# [SOLVED] BSOD Win7 ci.dll



## uly

Hello, I've just had the BSOD from ci.dll error, and now my Win7 boots into an infinite recovery loop. As I've updated to SP1, my pre-SP recovery disc no longer works.

As I don't have access to another computer that can burn a new recovery disk, I'd like to request that someone upload a copy of ci.dll. The specific version I need is Win7 SP1 x64, (Ultimate Ed. Tho not sure if this matters).

Of course, if there is another way to fix this, I'd be happy to try, too. I have an [email protected] disc that allows me to manipulate most files on the drive. I have also the pre-SP retail Win7 ultimate disc. I have tried auto repair, system restore and SFC (which refuses to run), but none have helped. I also have this iPhone thing that allows me to download files onto a USB key, with which I plan to transfer the ci.dll file.

Many thanks in advance!


----------



## Jonathan_King

*Re: BSOD Win7 ci.dll*

Hello,

Boot from the disc, open a command prompt, and run:


Code:


chkdsk /r

I don't know what all is on that disc you have, so you may create a new recovery disc. Do you have any friends that own computers? How about the local library; not sure about Germany, but at least where I live, the public libraries have a few computers people can use. Even if it's not Windows 7, as long as it has a CD burner, you can burn the appropriate ISO: System Repair Disc - Create - Windows 7 Forums

However you can, try to run the Startup Repair feature from the disc. You may have to run it a few times for it to work.

You might also try removing all but 1 stick of RAM, in case a module is bad. If the problems still persist, try running with just one of the others.


----------



## uly

*Re: BSOD Win7 ci.dll*

I already ran disk and mem scans and there were no errors. I can borrow a computer, but not immediately, and even later for a comp that can burn cd's. This is why I thought it'd be quicker to request the file.

I will try the neosmart recovery disc when I borrow the computer. But one question: the Neosmart recovery disc seems to be made for vanilla Win7, will it work for SP1 as well?


----------



## Jonathan_King

*Re: BSOD Win7 ci.dll*

Yes, those discs should work for SP1 and SP0. 

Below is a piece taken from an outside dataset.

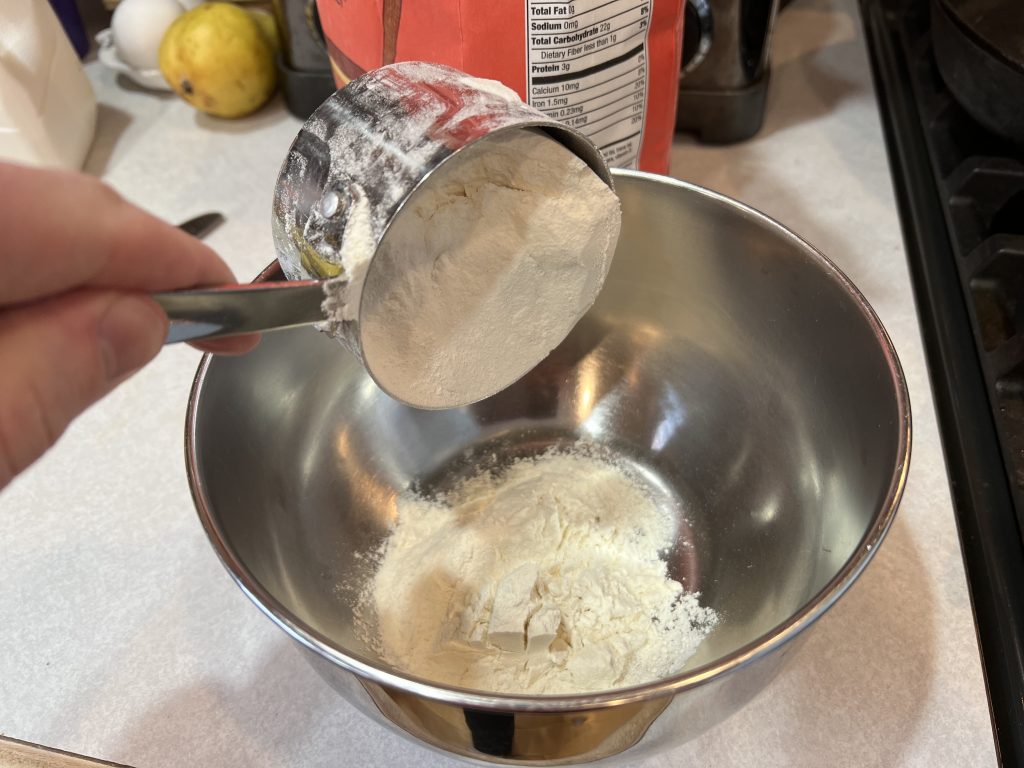 pouring flour into mixing bowl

The ci.dll file almost certainly isn't at fault, it's just getting blamed. The only way it could actually cause the BSOD would be if it was modified somehow. From a command prompt, run this:


Code:


sfc /scannow /offbootdir=c:\ /offwindir=c:\windows

That should replace any modified system files with the originals.


----------



## uly

*Re: BSOD Win7 ci.dll*

Thanks for the response. Here's what's up now.

I got a hold of a bootable USB key with Win7 SP1 loaded (not just the recovery, but an installable USB). I tried copying the ci.dll from the disk, but as you suspected it did not fix the problem.

I tried running SFC. Previously, when I ran "sfc /scannow", I always got the message that there was a restore pending and refused to run.

I then tried "sfc /scannow /offbootdir=c:\ /offwindir=c:\windows" as you said, but here's what it said after a lengthy scan:


> Windows Resource Protection found corrupt files but was unable to fix some of them.
> Details are included in the CBS.log windir\Logs\CBS\CBS.log. For example C:\Windows\Logs\CBS\CBS.log


The CBS.log is way too big to be viewed with the TYPE command. I will try to post it up here somehow...

In the mean time, is there anything else I can do now?

ps. I tried simply re-installing Win7 from the USB boot, but it simply told me to run the installation from within Windows.


----------



## uly

*Re: BSOD Win7 ci.dll*

Okay, I finally solved the problem. But let me backtrack a bit:
It turned out that SFC didn't write anything to CBS.log at all. All the entries in CBS.log were dated more than 2 days ago.

So, I finally fixed my problem by booting with the Win7 SP1 USB, and then simply copy everything from x:\windows\system32 and x:\windows\system32\drivers to the c:, overwriting all the files. Of course I also backed up the files in c: first.

Anyway, I'm amazed that such a brute and stupid approach finally solved the problem. Somehow the windows auto repair couldn't even manage this. Shame on MS!

In any case, thank you very much for your help, JK!


----------



## Jonathan_King

Well glad to hear that uly, thanks for reporting your solution!


----------